Mean, Median and Mode of Impoverishment: Why to occupy Wall Street

 

    Under the headline, "Income Slides to 1996 levels" in The Wall Street Journal, we read,  "The income of a household considered to be at the statistical middle fell 2.3% to an inflation-adjusted $49,445 in 2010, which is 7.1% below its 1999 peak" (14 September 2011). 
            The WSJ neglected to tell its loyal readers that while the household "at the middle" fell, average household income rose, by almost one percent.  In addition, the WSJ headline was off one year.  It should read 1997, a year when the "at the middle" household had an income higher by over one percent than in 2010.  By contrast, the average household in 2010 was up by almost five percent compared to 1997. 
            What is going on here - the average going up and the "middle" going down?  It is no statistical trick.  It is why thousands are occupying Wall Street and bad-mouthing bankers. 
            Total household income divided by the total number of households calculates mean household income (aka "the average").  That went up.  The income that exactly divides households, half above and half below is median income.  That went down.  How can the middle/representative/typical family do worse and the average improve?  The answer does not require a degree in statistics.  The households above the mid point did much, much better than those below the mid point.  Rich won, non-rich lost.
            This extraordinary contradiction, average up, most households down, is a relatively recent trend.  From 1950 through 1980, the opposite was the case.  Incomes of the poorer fifty percent rose faster than those of the richer half (see Chart 1).  In 1950 mean (average) household income was fifteen percent above the median (middle) income.  It declined to the postwar low of nine percent in 1958, implying that for those eight years the incomes of the top half grew at 2.5 percent, and the bottom half 3.1 percent.  
             
Chart 1: Which side (of the line) are you on?
US Mean and Median Household Income, 1950-2010

 

            Even by the mid-1970s the ratio was close to the postwar historic low, though it returned to the 1950 ratio by the end of the decade (with a sharp, brief reduction during the recession of 1980-1981, see Chart 2).
            Mean income staying close to the median does not mean an equal distribution, but it does imply that inequality is not becoming worse.  In the United States over the last thirty years distribution became very worse, indeed.  About ten years ago two economists, David Dollar and Aart Kraay, wrote a not terribly convincing article, "Growth is Good for the Poor", in which they optimistically argued that rare are instances in any country when an increase in total incomes does not raise the incomes of everyone including the poorest. 
            Once true in the United States, but true no longer.  To be specific, over the last fifteen years economic growth in the United States benefited the richest, period.  As Emmanuel Saez, University of California economist, concluded in a study of changes in distribution in the United States, "The top 1 percent incomes captured half of the overall economic growth over the period 1993-2007", with its share of income rising from about ten percent in 1980 to 23 percent in 2006 (latest statistic, http://elsa.berkeley.edu/~saez/saez-UStopincomes-2006prel.pdf)

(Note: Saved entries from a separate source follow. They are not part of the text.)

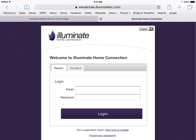Hi. This is a tutorial on how to sign in and check your grades with Illuminate at Home Connection.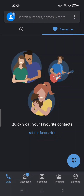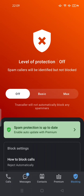Hi guys, welcome back to my channel. Today I'm going to show you Truecaller's Max Protection and how to enable the level of protection in the Truecaller app. If you just installed this app as your blocker application — your best application to prevent spammers or even telemarketers — you can use this app to block calls. So it's very easy to protect your number. Just open this freshly installed Truecaller app and tap on 'Blocking' here.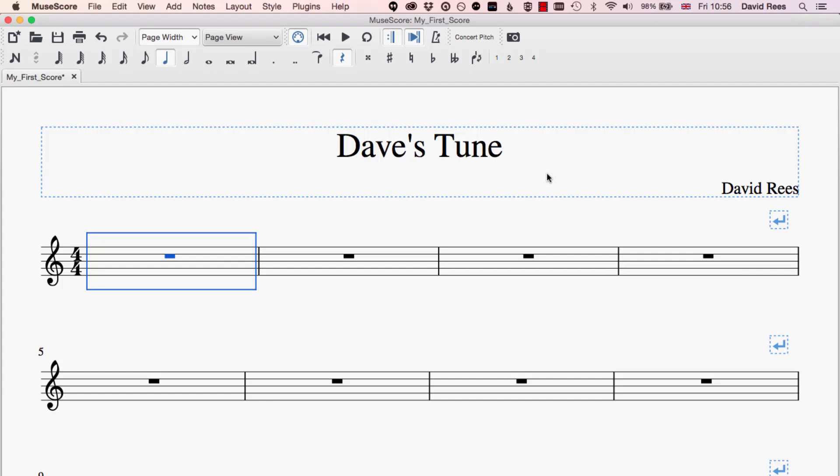As we're writing notes into our score, MuseScore is making guesses all of the time as to which notes we actually mean and where on the score we want them to be placed. By default, MuseScore is going to use the key of the piece of music that you've selected to try and guess which sharps and flats you want in the piece.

Chapter 2: The New Law of Averages:
Ratio of Mean to Median Income, 1950-2010

            Shocking as it is (or should be), what does this growth in inequality have to do with bankers?  The answer is straightforward.  What many analysts call the "financialization" of economic and social relations creates and enhances the mechanisms to redistribute income from productive activities to non-productive finance.  The rich alone are the winners in that transfer, because it involves no productive activity that might possibly "trickle down" to the rest of us.  Many writers have identified the sequence of causality for financialized redistribution: deregulation of financial institutions beginning in the 1980s, combined with successive reductions in the progressiveness of the federal tax structure.  
            The consequence of garnering income by unproductive redistribution is demonstrated when we compare the recession of 1980-1982 to the current one.  In 1983 when the economy recovered after three consecutive years of decline, the ratio of mean to medina income was the same as it had been before the recession in 1978, seventeen percent.  In other words, the two halves of the distribution suffered and recovered together.  In 2006 before the Great Recession, the ratio had risen to thirty percent in the course of pro-rich expansion.   In 2010 when all incomes increased by a sluggish one percent after three years of decline, the mean rose to thirty percent above the median.
            It is difficult to appreciate the current extraordinary economic dynamics in the United States:  the appropriation of an increasingly larger share of national income by the rich continues through prosperity, crisis and recovery, apparently free of constraint or countervailing force.  It is a constraining and countervailing force that the people demonstrating on Wall Street seek to create.  If there is hope, they provide it and the rest of us should join to change "they" to "we".